Financial Report Spotlights Transparency

It's all about transparency.

So said Southampton Town Supervisor Skip Heaney as he and the town board gathered to review the Comprehensive Annual Financial Report of the Town of Southampton during a work session last Friday.

The report covers the fiscal year ending December 31, 2005, and was prepared by the office of the town comptroller, Charlene Kagel, and audited by the accounting firm of Albrecht, Viggiano, Zureck, & Company, PC.

The report, said Heaney, was prepared to meet the requirements of the Government Finance Officers Association Certificate of Achievement for Excellence in Financial Reporting program.

The 120-page document is organized into three parts, including an introductory section, a financial section and a statistical section. New additions to the report include a transmittal section, a statistics section and components regarding the town's housing authority. This information, said Heaney, was included in the "interest of full disclosure." A narrative is also included to explain the information in layman's terms.
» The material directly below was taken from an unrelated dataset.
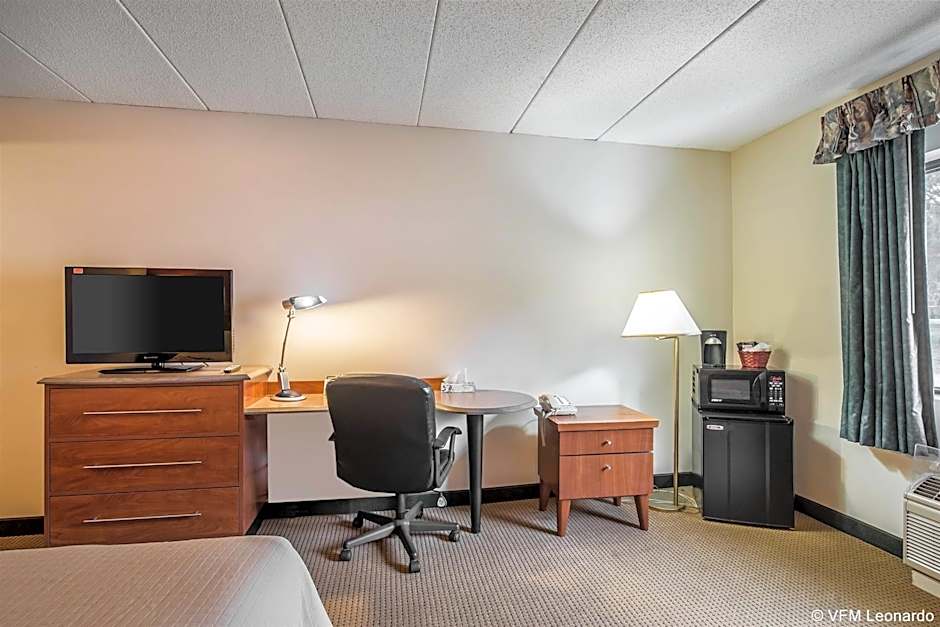 Econo Lodge Near Plymouth State University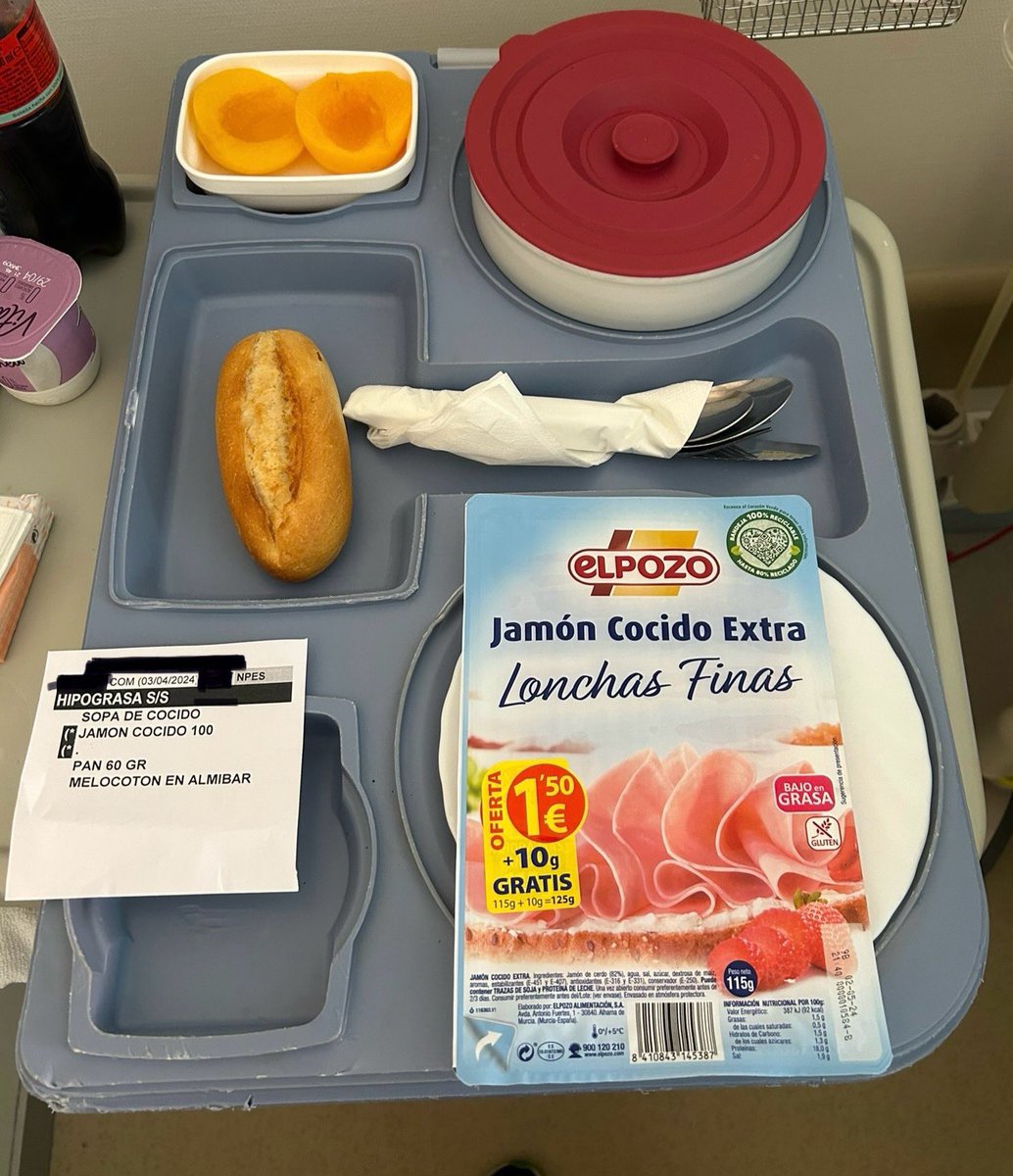 kikonmago's tweet photo. El menú de hoy en el Hospital Universitario Río Hortega (Valladolid) lo del segundo plato de vergüenza . https://t.co/a11VotjKcq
The town's auditing firm commended the town for taking the steps to prepare such a thorough document. Only a few municipalities such as Huntington, Hempstead and Oyster Bay had set out on such an ambitious endeavor, firm representatives said. Southampton "is in the top 10% of governments in Long Island as far as fiscal reporting," they said.

Although most governments do not win the GFOA award their first year, the honor is considered "The Good Housekeeping seal of approval for governments," said representatives from the accounting firm.

The report also highlights Southampton's stellar accomplishments, such as its Moody's ranking: Due to many years of sound fiscal management, the report states, revenues have exceeded expenditures, creating almost a half billion dollars in assets and $53.5 million of fund balances, of which 15% is unrestricted and can be used for emergencies.

Due to the favorable financial trend, Moody's Investors Service has increased the town's bond rating three times in the past 10 years, from A1 to Aa1, allowing the town to borrow at low interest rates for present and future projects.

The document, said Heaney, "is an incredible level of transparent reporting. I think we've served our public well."